RAW DATA:
━━━━━━━━━━━━━━━━━━━━━━━━━━━━━━

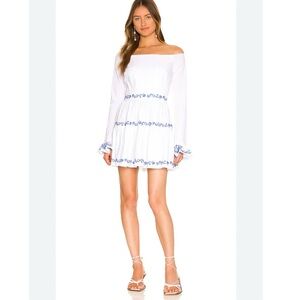 CAROLINE CONSTAS White & Blue Embroidery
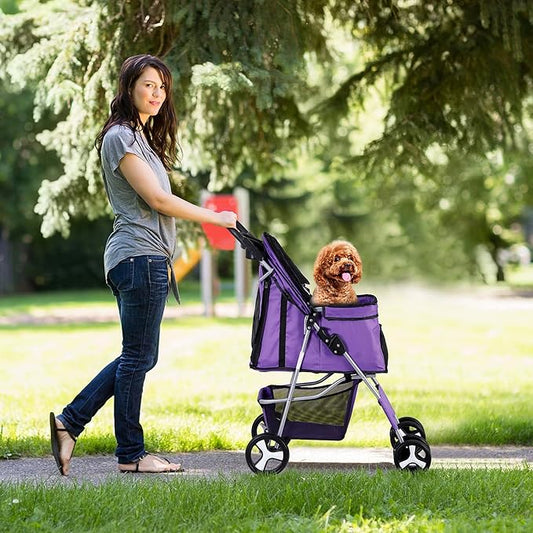 4 Wheels Dog Stroller Folding Pet Strolling Cart for Small Medium Cats Puppies Portable Jogger Travel Camping Puppy Carrier with Storage Basket Cup Holder, Purple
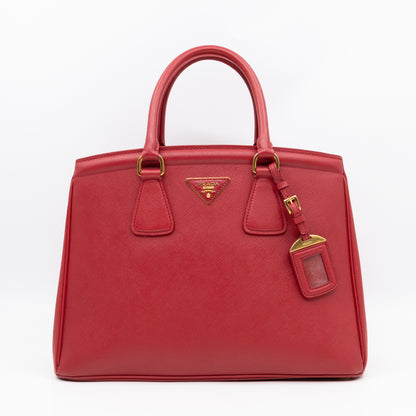 Parabole Shopping Tote Red Saffiano Leather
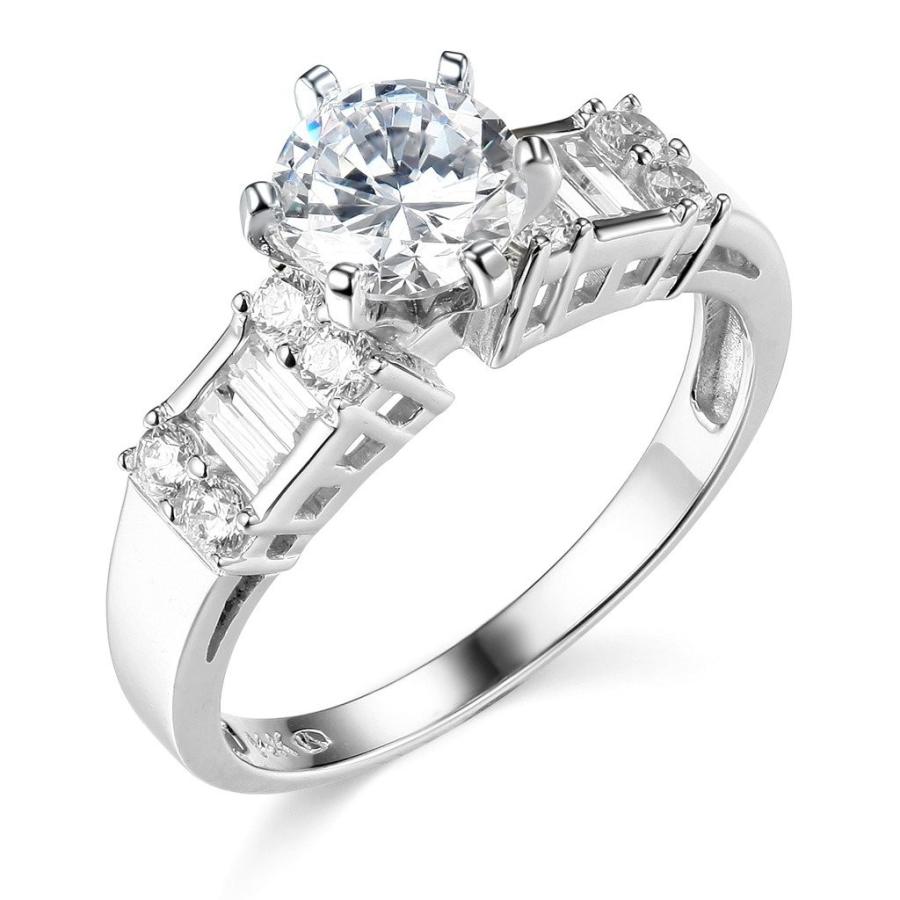 最新 14k White Gold SOLID Wedding Engagement Ring and Wedding Band 2 Piece 【1053740269】(38312円)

━━━━━━━━━━━━━━━━━━━━━━━━━━━━━━

EXERCISE DESCRIPTION: Return every line of the listing exactly, leaving its pictures behind.

TASK OUTPUT:
 CAROLINE CONSTAS White & Blue Embroidery
 4 Wheels Dog Stroller Folding Pet Strolling Cart for Small Medium Cats Puppies Portable Jogger Travel Camping Puppy Carrier with Storage Basket Cup Holder, Purple
 Parabole Shopping Tote Red Saffiano Leather
 最新 14k White Gold SOLID Wedding Engagement Ring and Wedding Band 2 Piece 【1053740269】(38312円)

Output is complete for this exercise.